There I was, standing in Disneyland’s Tomorrow Land just outside Space Mountain, holding my three year old son Wyatt in my arms watching the fireworks show at the end of a perfect day.
Our cheeks were pressed together as I listened to his sweet breath and felt his beating heart against mine. With every loud pop of the fireworks he clinched his arms around me a little tighter. Just precious.
At that moment I thought to myself, I better soak this up for all it’s worth because though it seems like time is standing still, I know this moment will be over before I know it. I thought, boy how I wish, in this instance, I could stop time.
Redeem The Time
However, I knew that obviously wasn’t possible. Time marches on, and no Cher, we can’t turn it back either. But I wasn’t going to let that moment slip by without a fight. I stepped outside of myself and took a mental and emotional snapshot that I will cherish for eternity.
You see, it’s true, we can’t stop time or turn it back, but – we can redeem it. The word redeem in this sense means: To gain or regain possession of (something) in exchange for payment.
The goal is to regain the time the world tries to suck from us by prioritizing and maximizing how we spend it. Instead of time controlling our lives we must control it. This sounds simple but it’s not easy.
So now that we’ve got that straight let’s ask the question, how do we actually redeem the time?
The answer is quite simple; we take charge of how we spend our time by prioritizing our time based on what’s important. Not what’s the most fun or instantly gratifying but only what’s supremely important.
Up until a few months ago I filled my time completely with worthwhile but not necessarily important activities. I ran from one activity to another pleasing everyone in my life because I could. I really hadn’t learned to say no but more importantly I didn’t want to say no. I thought if I could contribute, I should.
What I found is that I was wearing myself thin and not being the best at what is most important to me. Now, what’s most important to me is not necessarily what’s most important to you, though I’m sure we’ll share some commonalities.
My top priority is growing in my faith through study, fellowship, quiet time and practical application. This aspect of my life also extends to teaching my faith to my children so that one day they will make it their own.
Next on my list is quality time with my family whether going to the beach, playing catch, riding bikes or doing household chores. I realize that my children are growing up fast and they’re counting on me to invest in their lives now and to also equip them for adulthood.
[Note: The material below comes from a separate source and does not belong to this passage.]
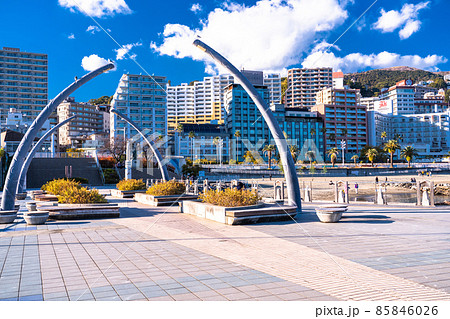 《静岡県》熱海サンビーチ・リゾート地の風景 85846026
Like most of the modern workforce I work more than the traditional 40 hours per week. However, I like what I do and most of the time it doesn’t seem like work. Sometimes I work late, weekends or take the occasional business trip. Nothing wrong with that. Just as long as my job doesn’t become my life. If it does, then I’ve got it backwards.
On that note, I’ll even go as far as to say that if we spend more time with our co-workers than our family we should find another way to earn a living. Yes this may translate into less income but again let’s remember the theme of this post; maximizing our time is the most important thing we can do for ourselves and our loved ones. We only get one life. And when we’re drawing our last breath I doubt any of us will be reminiscing about all the wonderful business trips we took.
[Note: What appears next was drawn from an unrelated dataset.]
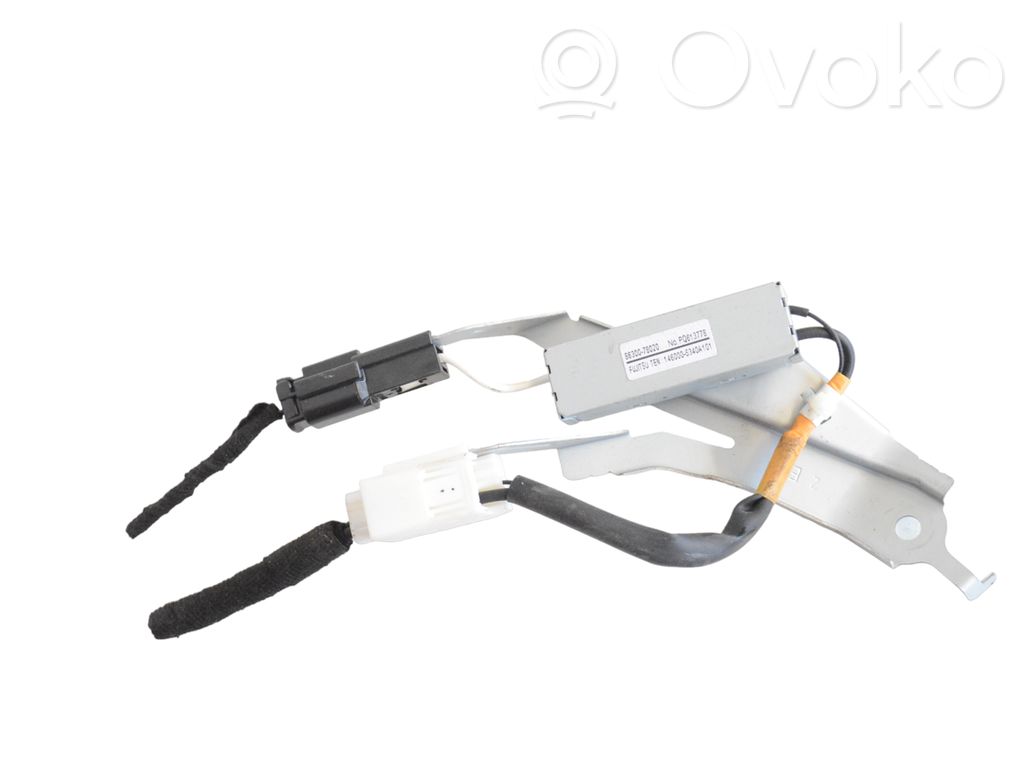 Lexus NX Antenos stiprintuvas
Next I’ll address my responsibilities at church and in my community. I understand that I have an ecclesiastical duty to my church family and a civic duty to the community in which I live. But instead of being all things to all people I now only contribute what only I can contribute.
In other words, if someone else can contribute in an specific area, I’m okay with not contributing – even if I’m able. I’ve learned to limit my contribution in non-family activities. This has been a good thing. When my children are grown maybe then I can put a few more things back on my plate.
Just Say No
I say no most of the time to…
- Golf outings
- Boy’s nights out
- Excessive exercise
- Trivial semi-competitive games (Including video games – don’t get me started)
- Road trips without the family
- Many unknown activities that will come to me later but not in time for this post
You Can Do It!
I think you get the picture. Now, do this for yourself.
Prioritize your time without delay and I promise you will not regret it. You might even be thankful many years from now when you think of all the wonderful moments you created because you said yes to what was most important and no to what wasn’t.
What do you think? Possible, not possible? What moment in your life do you wish you had the power to push the pause button?